She didn't turn to face me, more focused on the twilight world above. "You really found me this quickly... a little weird."

I pointed to her cursor. "FYI I can track through this wonderful device called a 'Friends List', and we so happen to know a keen info broker with annoying way about her sometimes," Yeah, hindsight here is twenty-twenty. I scoffed at myself, this wasn't the time for snarky comments. Keeping my distance with hesitance on what exactly I was supposed to do I struggled with my words. "Look I... how do say this... I'm not sure how I can go about understanding this, alright, you just up and call me your 'Big Sister' and ran, honestly... I-I -- just talk to me Rain?"

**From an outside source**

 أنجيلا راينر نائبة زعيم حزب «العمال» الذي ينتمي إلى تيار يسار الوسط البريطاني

She just hugged her body with her wings tighter. I on the other hand slapped my forehead, infuriated more at myself. What exactly could I ask, say, do? I'm no social butterfly like she is, I can't just... figure out someone's issues without prying into their insecurities, it would be easy but... with Rain, seeing her... cry? That just felt wrong, I felt sick.

Breathing through my nose, I stepped forward only once. "I'll meet you... halfway," I sat down. "I'll listen for once, just please say something."

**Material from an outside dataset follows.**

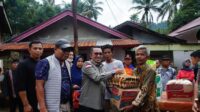 Tinjau-Korban-Musibah-Air-Bandang-Bupati-Eka-Putra-Serahkan-Bantuan_260224061217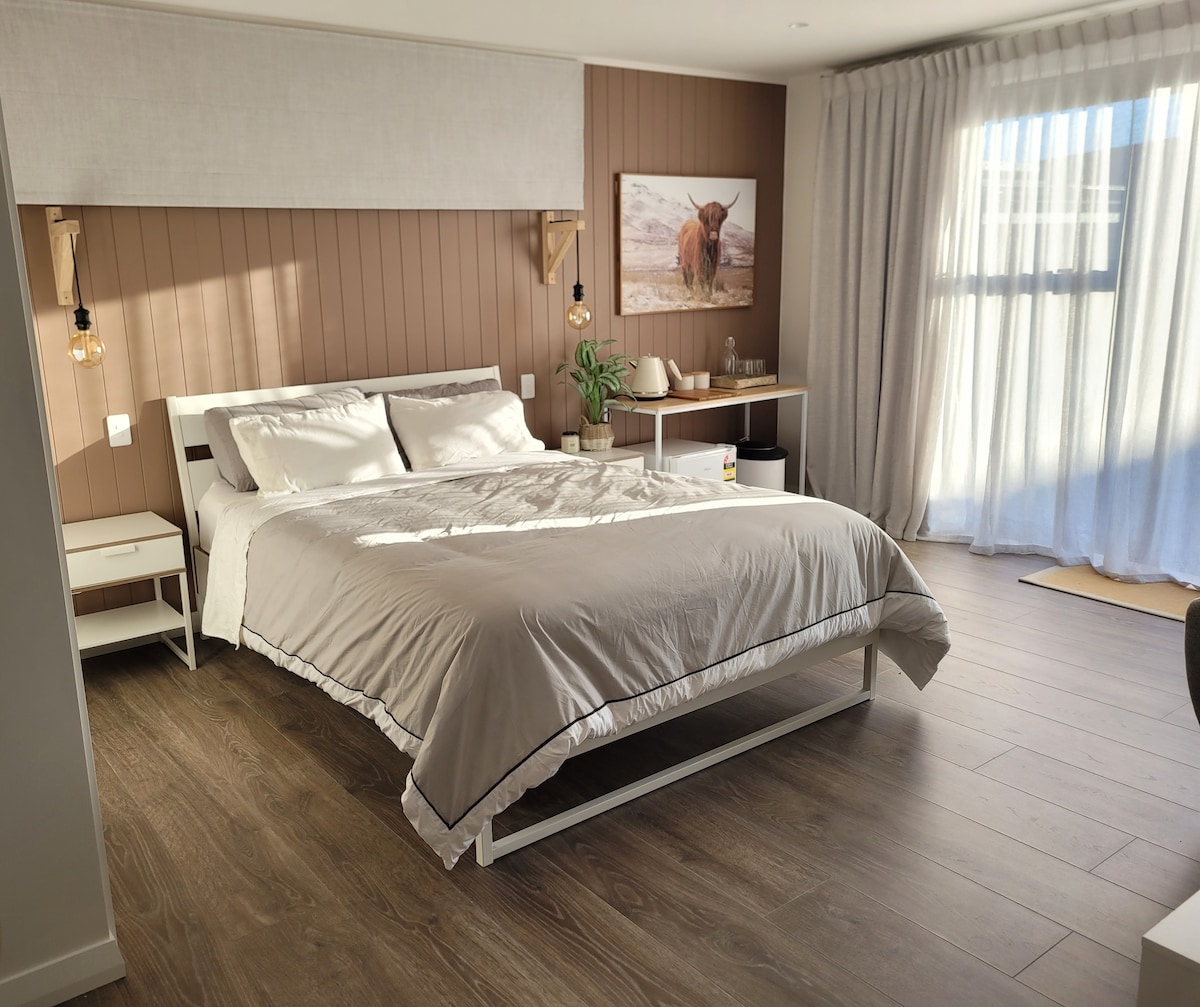 เตียงควีนไซส์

I don't know how long we sat there, the rustle in the leaves behind us, the noise of the breeze, it was honestly relaxing if I wasn't so tense. Then, with a shallow voice, I saw her sit upright. "Your name is Merry Burns, you were adopted unlike me who..." She started to squirm. "...who was born three years after y-you were gone."

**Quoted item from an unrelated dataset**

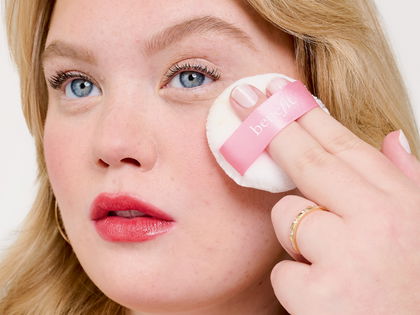 Make-up: Dieses Puder reduziert Poren um 55% – wie ein Weichzeichner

"Question, how do you even know it's me? Anyone in this game could be called Merry." This was where my skepticism led to the most. Even if she knew everything about me, no one knows who Artorias is, the username is completely new, specifically for this game

"Because your voices sound the exact same, so are your mannerisms," Who did... wait, does she know? "You're u-um..." She paused and quickly opened her menu, not a moment later I received a message from her, clearly she didn't want anyone to know this so I popped the message in Private and saw the one word stretch across my menu, seeing it made my eyes widen, but ultimately I realized how much I underestimated Rain

Well, she's got her info right, guess that does make her my... "Your folks' surname is Miles, yeah?" She flinched but nodded shyly, my dry tone of voice hadn't wavered. "Since you up and blurted out my name, thank God Skye can't hear us, only fair I know yours?"

"...I-it's Melody..." I don't know why but that made me crack a small smile, only briefly as I remained stoic about the situation. "I found out about y-you when I turned t-thirteen, they thought I'd be mad but I..." She was shivering like a leaf. "...I was happy," That broke my stoic exterior, lifting my gaze from the ground to her back. "When I found out I... I really wanted to meet you."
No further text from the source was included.